Spending all day Saturday riding her Harley-Davidson Softail Deluxe is Aimee Vessell’s idea of a great time. Blue sky overhead, an open road, and buddies for company–that’s what satisfies her free spirit. When she took her new post as Harley-Davidson’s manager of international projects in Milwaukee last fall, she knew winter weather would curtail her riding season, but she was ready for a new career challenge.

Vessell came to MIT to attend the Leaders for Manufacturing (LFM) program, hoping to refocus her career on manufacturing. After earning a bachelor’s in environmental engineering from Northwestern University in 1995, she had spent 10 years as an engineer, traveling constantly to jobs ranging from hazardous-waste remediation to demolition. “Manufacturing is very much like a construction site,” she says. “You are managing people and money and operations–there are a lot of moving parts. And it’s a good balance between tactical and strategic work.”
As a grad student at MIT, she focused primarily on supply chain management and operations. A six-month LFM internship at a Harley-Davidson plant confirmed her direction. She loved the work and the company, and she accepted a permanent job before returning to campus to complete her degree. After graduation and several short assignments with Harley-Davidson, she started a job in 2007 managing 150 people assembling Sportster motorcycles at the company’s plant in Kansas City, MO.
Vessell likes the strategic scope of her new international job–and she’s happy to be working for Rod Copes, SM ‘93, senior vice president of international sales, marketing, and business development, who also earned dual degrees from LFM (now called Leaders for Global Operations).
“We expect a lot of our growth going forward to come from our international regions. It’s exciting to be on the front lines,” she says. “My role is cross-functional, looking at our international business as a whole across all regions. My current focus is on our organization design.”

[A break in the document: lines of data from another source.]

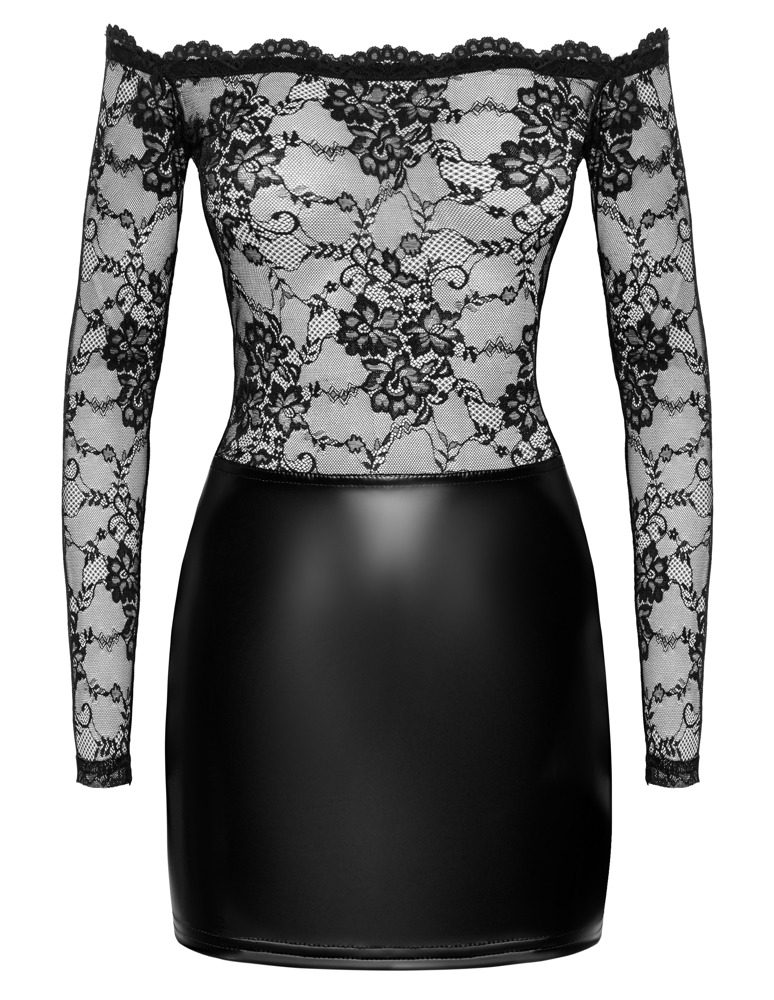 Rochie Noir Orgia Exclusive – Dantelă și Powerwetlook, Neagră - imagine 4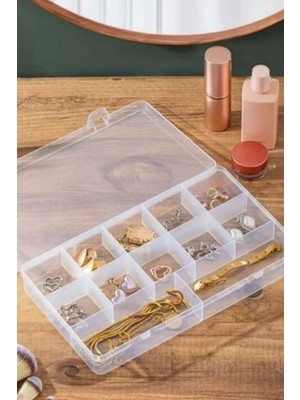 UltraMint Ayarlanabilir 15 Bölmeli Takı Kutusu, Düzenleyici ve Kapaklı Organizer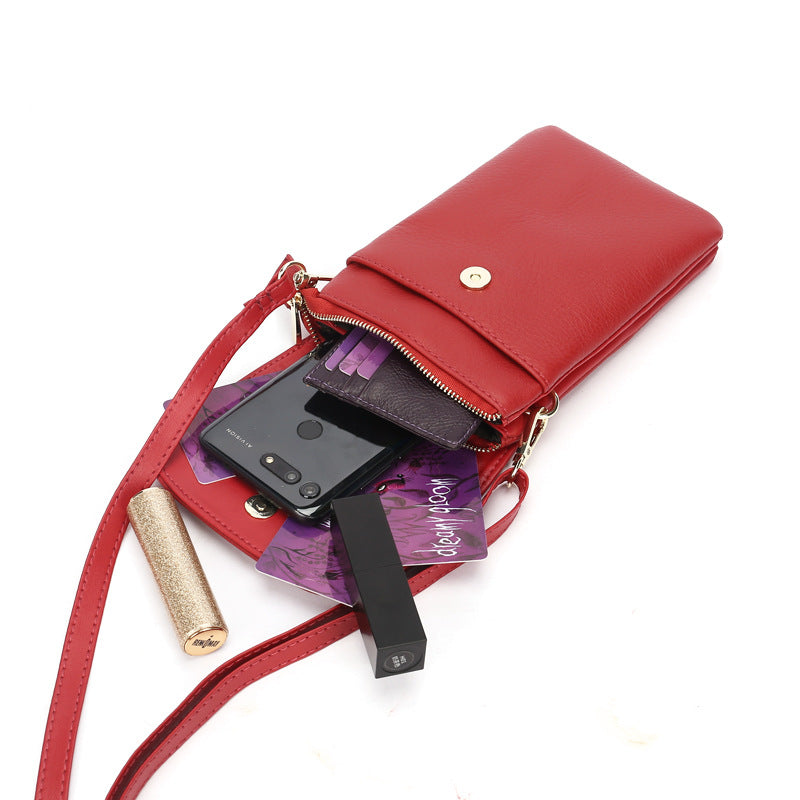 Women's First Layer Soft Cowhide Simple Fashion Phone Bags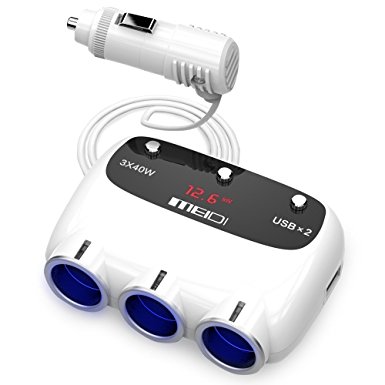MEIDI 120W 3-Socket Cigarette Car Lighter Power Adapter DC Outlet Splitter with 12V/24V Dual USB Car Charger for Smartphones - White
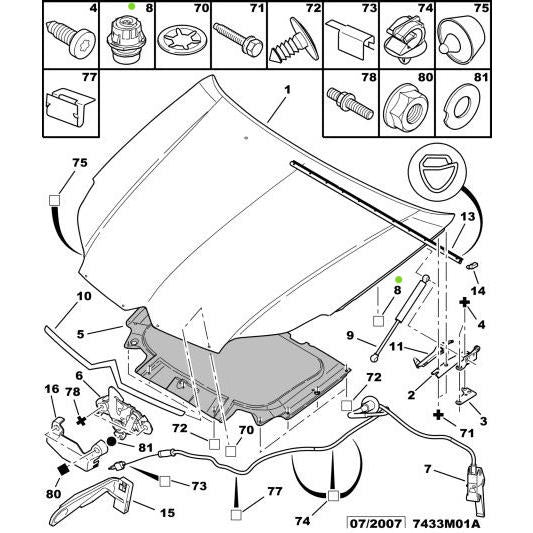 Bonnet Stop - Citroen C5 2004-2008 Diesel | 7908F6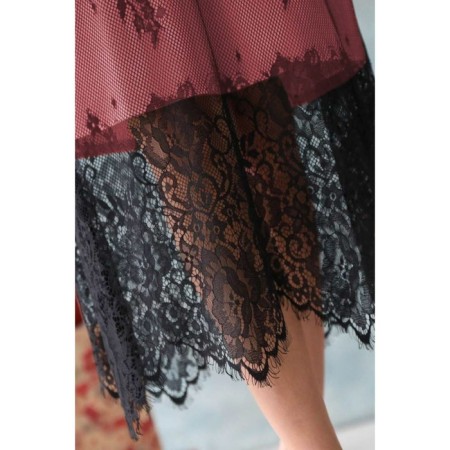 Women's dress, size 46, coral color, black-8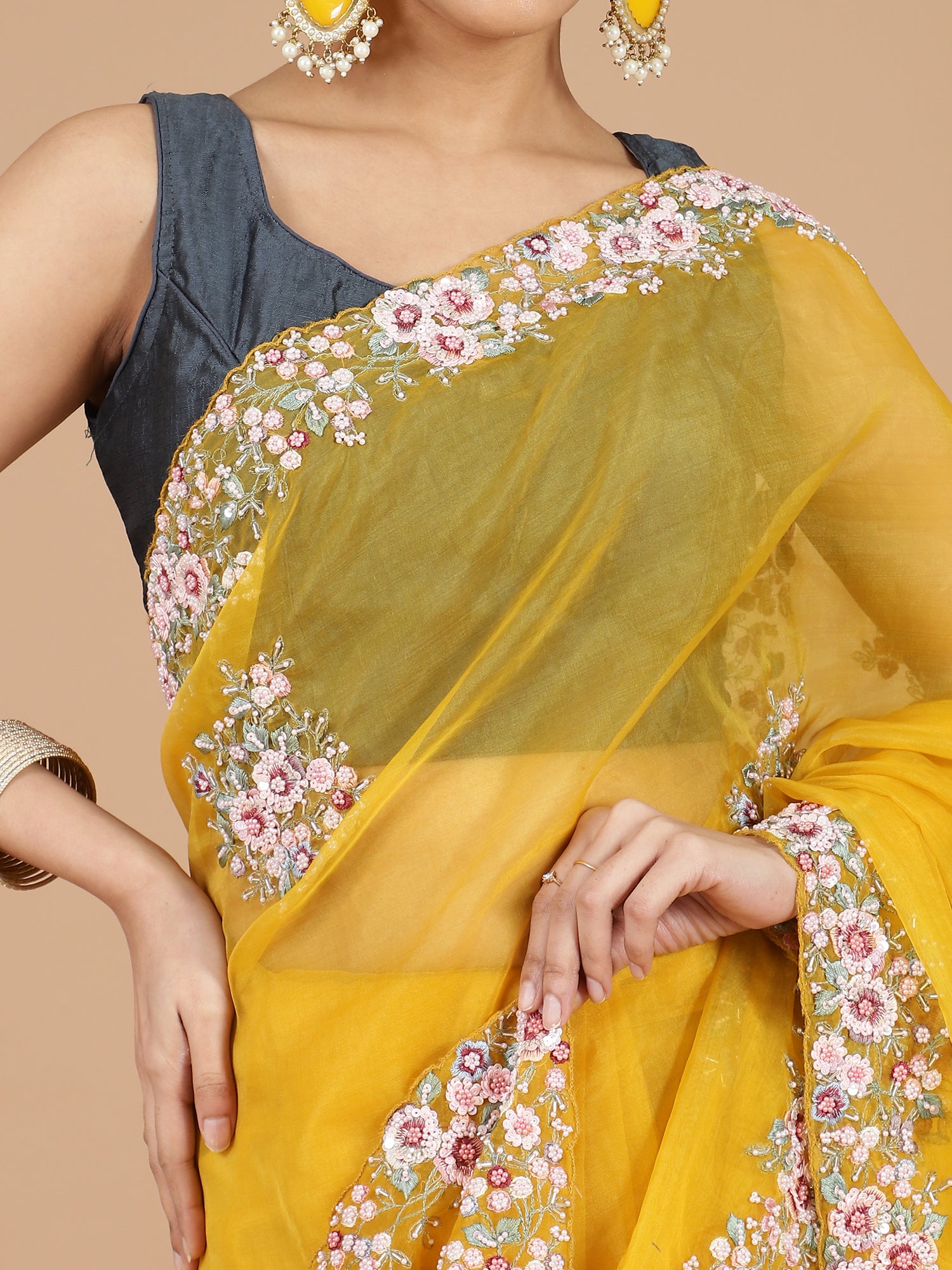 Mustard Yellow Embroidered Organza Saree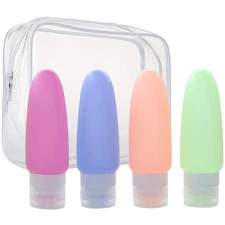 3oz Leak-Proof Refillable Travel Bottles for Toiletries,4 Pack with Toiletry Bag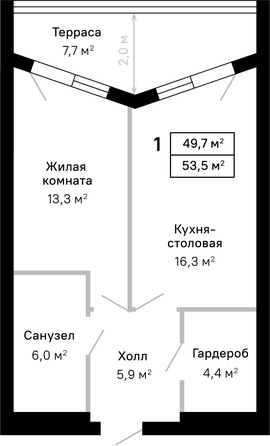 Планировка 1-комн 53,5 м²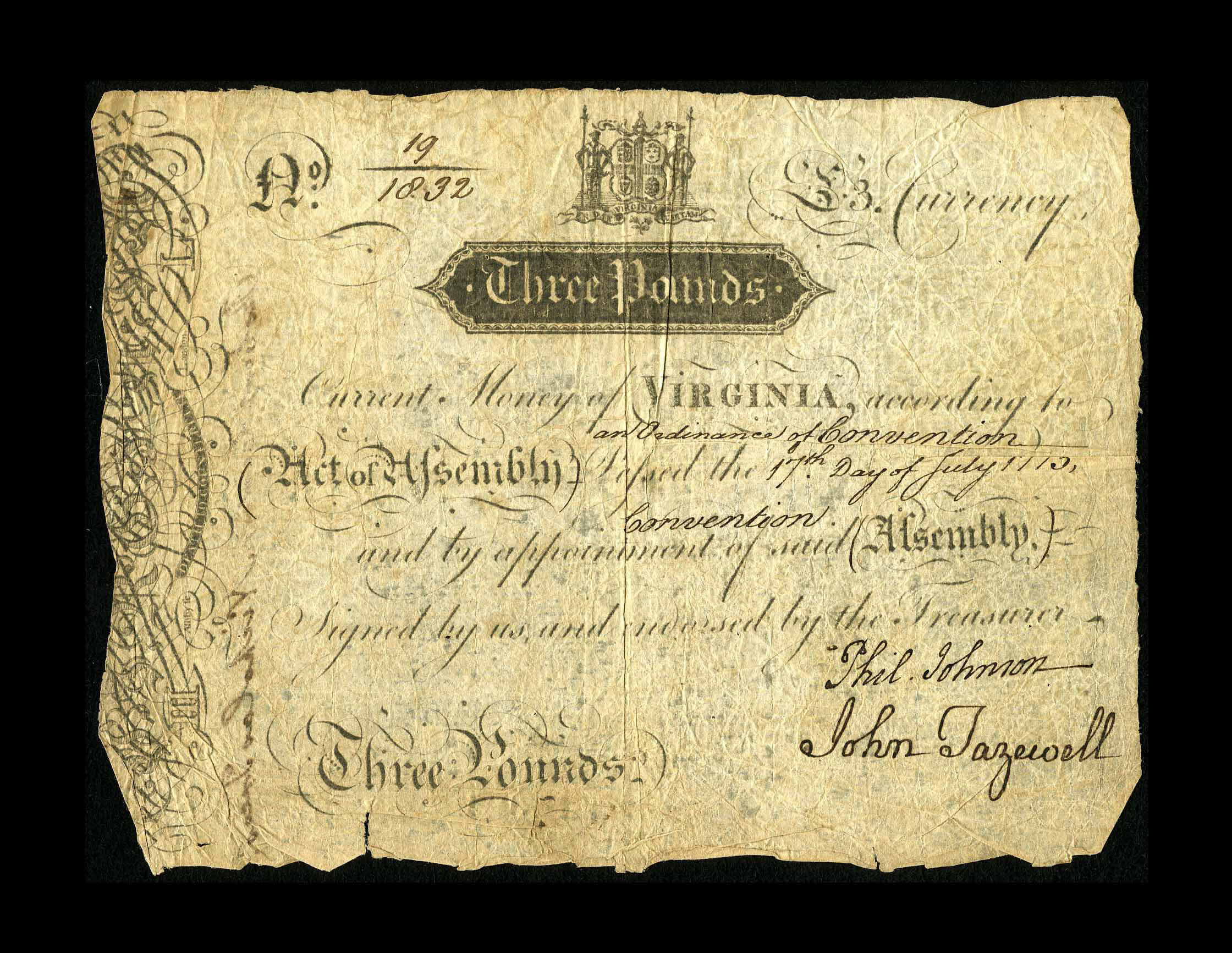 image for: Virginia July 17, 1775 £3 PMG Fine 12....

Vessell sees a bright future for Harley-Davidson and for her career there. “As part of the leadership development program, I have a front-row seat for some energizing changes and challenges,” she says. “As a leader here, it’s not just your responsibility to produce results and get things done but it’s also your responsibility to develop people. And that creates opportunities for everyone.” And, besides, she has her eye on a new hog–a Harley model coming out in 2010.